By weight, salt is 40 percent sodium; MSG, only 12 percent. Thus a quarter-teaspoon of salt contains about 550 mg. of sodium. The same amount of MSG has only 165 mg. The contribution of MSG to the sodium content of a particular food may be small, both because it contains far less sodium than salt and because only limited amounts are used.

But for those interested in curbing sodium intake, here is a point to consider: MSG is often added to foods which are already generously salted. Moreover, salt and MSG may not be the only sources of sodium in a processed food. To get a firm idea of how much sodium a serving of a particular processed food contains, check the sodium-labeling information.

If it is not present, you have two alternatives: Write to the manufacturer and request the information, or buy a comparable product where the information is readily available.

Q: Recently you answered a question about how coffee is decaffeinated. Can you tell me which brands use which process? And is it really true that the methylene chloride method is safe?
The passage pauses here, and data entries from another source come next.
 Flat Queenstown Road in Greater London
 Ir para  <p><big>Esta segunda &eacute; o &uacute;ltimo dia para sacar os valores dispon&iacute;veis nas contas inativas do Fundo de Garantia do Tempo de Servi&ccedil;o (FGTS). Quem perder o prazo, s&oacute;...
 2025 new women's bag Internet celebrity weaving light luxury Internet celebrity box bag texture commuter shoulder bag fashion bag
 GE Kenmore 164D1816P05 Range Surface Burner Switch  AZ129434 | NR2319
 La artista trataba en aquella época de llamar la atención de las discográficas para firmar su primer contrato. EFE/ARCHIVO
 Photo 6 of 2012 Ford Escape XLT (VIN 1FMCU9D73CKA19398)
A: Methylene chloride is used to extract caffeine from Chock Full O'Nuts, Mellita, Maxwell House, Urban and Brim (the latter three are all made by Maxwell House). Folger and High Point, both made by Folger, use ethyl acetate, a compound normally found in many fruits. Hills Brothers and Nescafe use water and coffee-bean oil; and Sanka and Private Collection, both of which are made by Maxwell House, use carbon dioxide under pressure.

On a fact-finding trip to the supermarket, we were delighted to find that several companies were responding to consumers' desire for product information.

The process used in making Nescafe was described right on the label, and two other companies, Maxwell House and Folger Brothers, provided toll-free numbers so that consumers could call in questions about their products. We found the services prompt and courteous.

As for your query about methylene chloride: In a recent review, the Expert Panel on Food Safety and Nutrition of the Institute of Food Technologists described a considerable body of evidence indicating that using it for decaffeination is safe. In long-term animal studies sponsored by the National Coffee Association, rats did not develop cancer on doses equivalent to as many as 6 million cups of decaffeinated coffee.

No toxic effects were observed in rats receiving the equivalent of 120,000 cups a day, or in mice consuming the human equivalent of 4.4 million cups a day. Studies of humans have failed to find an increased risk of cancer or other serious disease associated with exposure to methylene chloride used in manufacturing.

In making a decision on the safety of methylene chloride, the FDA in 1985 concluded that while methylene chloride does cause cancer in animals when given in inhalation, the risk from consuming coffee that has been decaffeinated with a process using it is so low to be nonexistent.